Also indirect coal conversion (where coal is gasified and then converted to synthetic fuels) was developed in Germany by Franz Fischer and Hans Tropsch in 1923.[11] During World War II, Germany used synthetic oil manufacturing (German: Kohleverflüssigung) to produce substitute (Ersatz) oil products by using the Bergius process (from coal), the Fischer–Tropsch process (water gas), and other methods (Zeitz used the TTH and MTH processes).[13][14] Before World War Two in 1931, the British Department of Scientific and Industrial Research located in Greenwich, England set up a small facility where hydrogen gas at extreme high pressure was combined with coal to make a synthetic fuel.[15]
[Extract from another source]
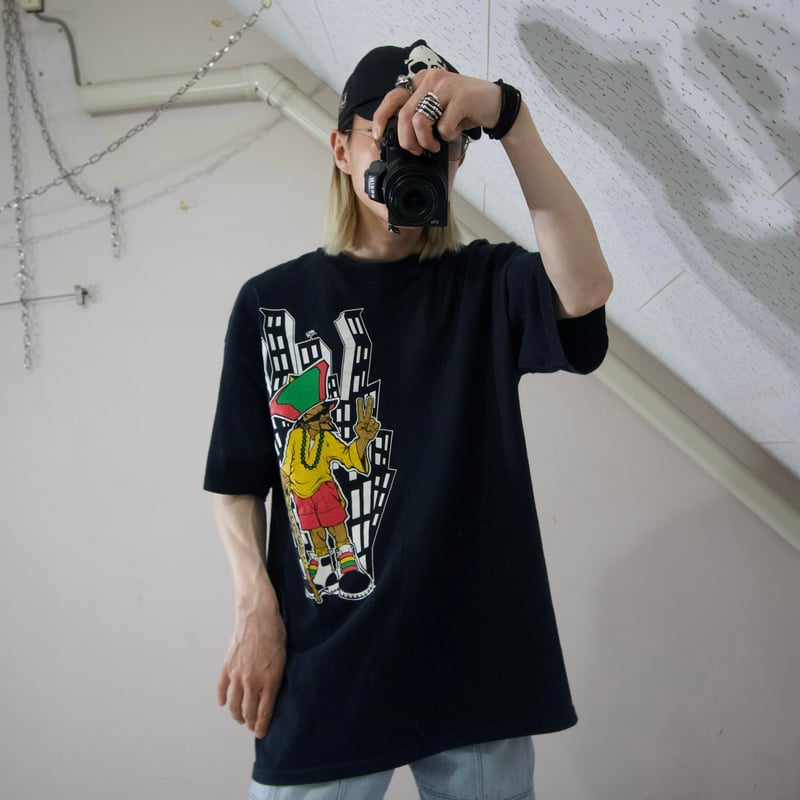 90s USA made KIKWEAR Raster Reggae Man Design T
The Bergius process plants were the primary source of Nazi Germany's high-grade aviation gasoline and the source of most of its synthetic oil, 99% of its synthetic rubber and nearly all of its synthetic methanol, synthetic ammonia, and nitric acid. Nearly 1/3 of the Bergius production was produced by plants in Pölitz (Polish: Police) and Leuna, with more than 1/3 more in five other plants (Ludwigshafen had a much smaller Bergius plant[16] which improved "gasoline quality by dehydrogenation" using the DHD process).[14]

Synthetic fuel grades included "T.L. [jet] fuel ", "first quality aviation gasoline", "aviation base gasoline", and "gasoline - middle oil";[14] and "producer gas" and diesel were synthesized for fuel as well (e.g., converted armored tanks used producer gas).[13]:4,s2 By early 1944, German synthetic fuel production had reached more than 124,000 barrels per day (19,700 m3/d) from 25 plants,[17][verification needed] including 10 in the Ruhr Area.[18]:239 In 1937, the four central Germany lignite coal plants at Böhlen, Leuna, Magdeburg/Rothensee, and Zeitz, along with the Ruhr Area bituminous coal plant at Scholven/Buer, had produced 4.8 million barrels (760×10^3 m3) of fuel. Four new hydrogenation plants (German: Hydrierwerke) were subsequently erected at Bottrop-Welheim (which used "Bituminous coal tar pitch"),[14] Gelsenkirchen (Nordstern), Pölitz, and, at 200,000 tons/yr[14] Wesseling.[19] Nordstern and Pölitz/Stettin used bituminous coal, as did the new Blechhammer plants.[14] Heydebreck synthesized food oil, which was tested on concentration camp prisoners.[20] The Geilenberg Special Staff was using 350,000 mostly foreign forced laborers to reconstruct the bombed synthetic oil plants,[18]:210,224 and, in an emergency decentralization program, to build 7 underground hydrogenation plants for bombing protection (none were completed). (Planners had rejected an earlier such proposal because the war was to be won before the bunkers would be completed.)[16] In July 1944, the 'Cuckoo' project[21] underground synthetic oil plant (800,000 m2) was being "carved out of the Himmelsburg" North of the Mittelwerk,[13] but the plant was unfinished at the end of WWII.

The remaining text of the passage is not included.